ChangeProposals/removesrcdoc

From HTML WG Wiki
< ChangeProposals
Revision as of 21:23, 31 March 2010 by Mturvey (Talk | contribs)

(diff) ← Older revision | Latest revision (diff) | Newer revision → (diff)
Jump to: navigation, search

Remove the srcdoc attribute

Summary

Remove the srcdoc attribute.

Rationale

The original bug report for removing srcdoc provided the following change request[1]:

    This recent entry does not have universal acceptance, and the group was still
    discussing it when the editor added it to the specification. 


    The supposed use case for this attribute is weblog comments, but concerns about
    HTML security have been resolved with weblog and other application comments
    years ago. In addition, support for this attribute could give the impression
    that online sites don't need any other security, which is false. Script
    injection is only one aspect of security related to weblog comments, and
    considered a fairly trivial one at that.


    This needs to be removed from the specification.
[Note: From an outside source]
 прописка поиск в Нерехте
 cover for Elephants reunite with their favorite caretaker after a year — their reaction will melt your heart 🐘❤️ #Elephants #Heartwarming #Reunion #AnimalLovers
The rationale given by the HTML5 Editor for keeping this attribute:


   Rationale: I'm happy to remove this attribute from the W3C HTML5 specification
   if that's what the working group wants. The last time I removed a feature based
   on a bug report such as this, I started a minor war, however, so I suggest that
   you raise this via the change proposal process if you really feel this way.


According to the HTML5 editor, there is no rationale for keeping this attribute. That made this change proposal more difficult to write, because I had to base my arguments on guesses and scraped email messages.

There was a great deal of contention about this attribute before it was added. It spawned another issue (Issue 103) because of concerns about escaping the markup in the attribute, especially for XHTML. That this caused some difficulty for members of this group, who are defining the next version of HTML/XHTML, should give us pause, because knowing what must be escaped is going to be that much more difficult to the average web developer[2][3].

When asked the purpose for srcdoc, the HTML5 Editor replied that the use case for the attribute is weblog comments[4]. Because the srcdoc attribute works within a sandboxed context, the use of the attribute would prevent script injection in comments. Since this change was targeted to a specific use related to weblog software, I asked Matt Mullenweg[5], the creator of WordPress, one of the more popular weblogging tools in use today, about the usefulness of this attribute. He responded with[6]:

    We haven't had any HTML-level problems in comments in a while.


    We use and maintain a library called KSES that we use for all 
    sanitation, and it has served us well.

I brought Matt into the discussion for two reasons. The first is that I wanted to bring in an "implementor", and demonstrate that an implementor, in the case of weblog comments, is the the group or individual responsible for the weblogging software. Too often this group is focused purely on browser developers as implementors, forgetting that browsers are not the only application group impacted by HTML5 changes.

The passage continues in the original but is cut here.